Das Gelände der früheren Ilford Imaging Switzerland GmbH, des heutigen Innovationcenters in Marly mit der Ilford Produktionsanlage

Für Ilford Imaging Switzerland GmbH, das einstige Vorzeigeunternehmen der Schweizer Fotobranche, bedeutete der 9.Dezember 2013 das endgültige Aus. Jetzt wird mit der Markenübernahme durch die japanische Chugai Photo Chemicals und die australische C.R. Kennedy & Co. Pty Ltd der Begriff «Ilford» weitergeführt (siehe Kasten am Schluss des Artikels). Wie war das damals, als die Ilford Imaging Switzerland GmbH Konkurs ging? Wieso war Ilford nicht zu retten? Wo lagen die Fehler, dass es jahrelang sukzessive mit dem Unternehmen bachab ging?

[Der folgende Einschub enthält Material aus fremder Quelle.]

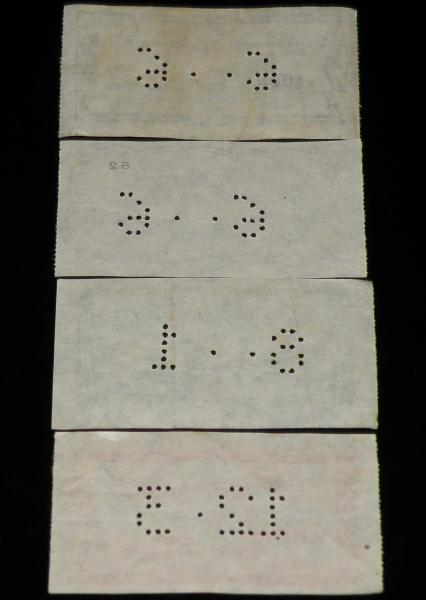 進駐軍競馬 馬券4枚セット 北海道レースクラブ 昭和21年頃/「札幌競馬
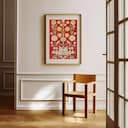 Room view with a matted frame of A bohemian textile print, symmetric floral block pattern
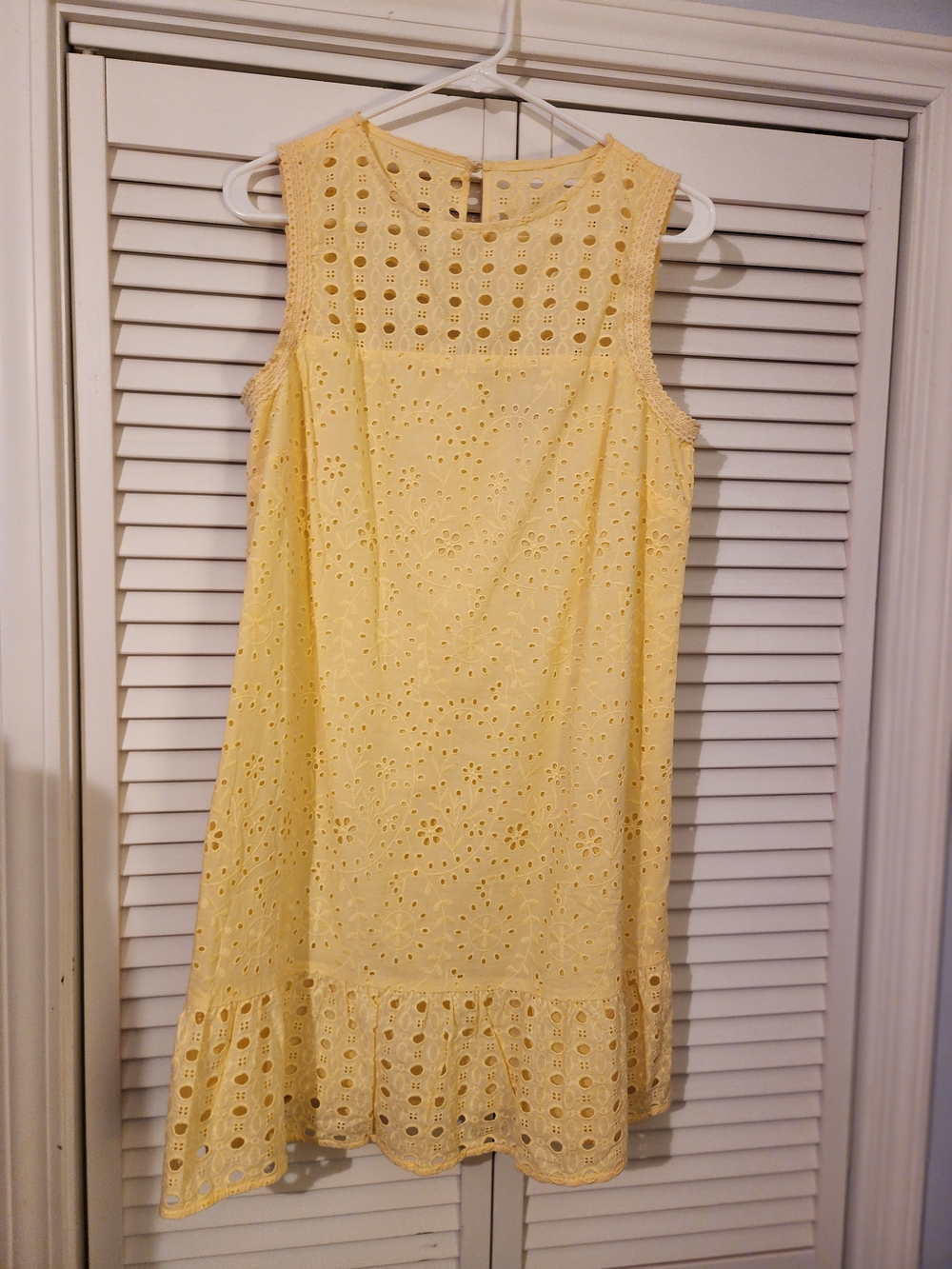 LOFT Pale Yellow Eyelet Midi Shift Dress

Wir haben uns mit Paul Willems unterhalten, der als CEO von Ilford Imaging bis zuletzt versuchte, die Pleite abzuwenden. Zudem hatten wir Gelegenheit, die legendäre Produktionsanlage in Marly bei Fribourg zu fotografieren, auf der das berühmte Cibachrom- und Ilfochrom-Material gegossen wurde. Wahrscheinlich sind dies die letzten Aufnahmen …

Ilford_Paul_Willems

Paul Willems, letzter CEO der Ilford Imaging Switzerland GmbH, versuchte mit über 20 möglichen Partnern die Produktionsanlage mit den 120 Arbeitsplätzen in Fribourg-Marly zu retten. Im Hintergrund die Produktionsanlage von Ilford. Hier wurden die legendären Produkte, wie Cibachrom, Ilfochrom und die Inkjet-Papier gegossen und konfektioniert

Fotointern.ch: Herr Willems, Ilford hat eine bewegte Geschichte mit vielen Eignern hinter sich: Ciba, International Paper, Oji Paper und Paradigm Global und danach das Aus. Seit 2004 begann eigentlich bei Ilford die Talfahrt. Wo lagen die Fehler

Paul Willems: Es ist in der Tat eine bewegte Geschichte, und im Nachhinein ist es auch einfach die Fehler zu interpretieren. Man darf bei der ganzen Entwicklung den enormen Wandel in der Imagingbranche nicht ausser Acht lassen, und vielleicht hat sich Ilford – wie andere Unternehmen auch – zu lange auf die analoge Fotografie konzentriert ohne auf die Kosten zu achten. Im Vordergrund stand die Auslastung dieser riesigen Produktionsanlage hier in Marly, und die Frage nach dem Profit wurde erst gestellt, als es eigentlich schon zu spät war.

Ilford_Produktion_Emusionsherstellung

Blick in die Emulsionsaufbereitung. Die blitzblanke Chromstahlanlage mit den hoch präzisen Dosier- und Mischstationen hat nur noch Schrottwert

Sie kamen ja 2011 zu Ilford. Was fanden Sie vor, und welches waren Ihre Massnahmen?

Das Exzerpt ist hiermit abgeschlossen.